On Sunday, Sean Loggie, a southpaw from Christian Brothers, authored a four-inning, 10-0 blanking of Outlaws Baseball.
In the semifinals, righties Cayden Vishnesky and Alex Famolari combined on a five-inning no-hitter as the Diamond Jacks advanced with an 8-0 verdict over Out Of The Park Cyclones Futures. Vishnesky attends Pen Argyl Area High in Pennsylvania and Famolari is an early Duke commit from North Hunterdon.
Ake handed the ball to 6-5 righty Konnor Ware (of Central Bucks East) for the championship game, and he pitched two innings before giving way to Komline for the final two frames.
“This shows we’re a really special squad,” Komline said. “We all get after it, we all want to be the best we can be, we all love this sport and we all take it seriously. This is a reflection of how hard we’ve been working as a team to get better.”
“This group is starting to come together really well,” Ake said. “The pitchers are competing with each other, finding ways to make baseball – which can be a monotonous game – fun for themselves, and they’re all coming into their own at a good time.”
In the championship game, Dan Contiliano (Hunterdon Central) got the Diamond Jacks out front early with a three-run triple in the bottom of the first inning.

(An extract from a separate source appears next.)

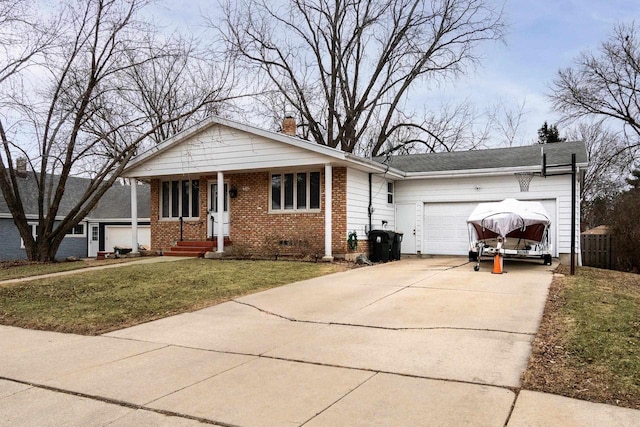 view of front facade with a garage and a front lawn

In the second, Colin Newcomb (Ridge) scored on an outfield error for a 4-0 lead.
In the third, Immaculata’s Owen Schilling blasted a two-run home run to left field which, upon the ping of the bat, prompted a chorus of “oohs” from the dugout and fans. Basile lofted a sacrifice fly for a 7-0 Diamond Jacks lead.
Komline and Famolari combined for a web gem in the top of the fourth. The Grizzlies’ Grant Lorentzen drilled a one-out grounder back to the mound where Komline turned and inadvertently kicked it backward toward third where Famolari would field it and fire to first for the out.
In the bottom of the fourth, Schilling struck again with a two-run grounds rule double, and he scored two batters later on Basile’s tournament-ending base hit to center.
Ake was asked after the final out if this Diamond Jacks team was a good team playing great, or a great team destined for even bigger things.
“It’s a great team, no question, especially when the offense comes alive like that,” Ake said. “Defense and pitching has always been there. The offense is learning who they are as a team, and they’re really starting to swing it well, and when they do they’re one of the best I’ve been around in a while.”